Sair do Gineceu: um novo olhar sobre a Grécia antiga

Safo não é um mito

Por Boehringer, Sandra 

Sapho à Leucate

Fig. 1 : Antoine-Jean Gros, “Safo em Lêucade”, 1801, óleo sobre tela, 122 x 100 cm, Bayeux, Musée d'art et d'histoire Baron-Gérard. © Wikimedia Commons. Foto: DR.

Uma crença disseminada faz de Safo uma personagem mítica a quem os gregos antigos teriam atribuído a origem do amor entre mulheres. O que é um mito moderno.

Safo existiu: é uma poeta grega que viveu na Ilha de Lesbos entre o final do século VII e o início do século VI a.C. Nascida em uma família importante, mulher culta e célebre, ela tinha um lugar na vida política e cultural da cidade de Mitilene. Os fragmentos dos poemas que nos chegaram nos permitem mensurar a importância do seu renome desde a Antiguidade.

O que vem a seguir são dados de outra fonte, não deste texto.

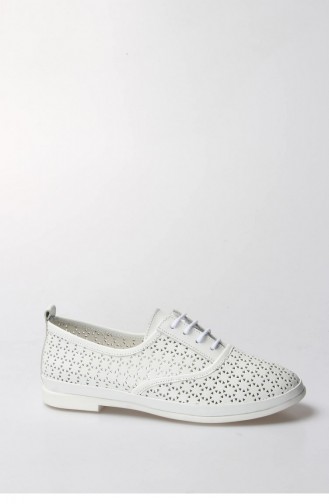 Chaussures Enfant Blanc 837FKK999-16777215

Na maioria de suas composições, destinadas a serem cantadas por ela mesma ou por um grupo de jovens mulheres, Safo faz falar um “eu” no feminino que evoca um amor, passado ou vindouro, por uma mulher. A lenda segundo a qual ela teria se jogado da rocha de Lêucade por amor a um jovem rapaz é uma invenção do poeta latino do século I, Ovídio, que atribui a Safo uma carta (fictícia) de amor a Fáon (Heroides, XV). Texto que, bem mais tarde, inspirou pintores e poetas românticos, dando início à lenda de uma Safo lésbica, mulher maldita, louca ou doente.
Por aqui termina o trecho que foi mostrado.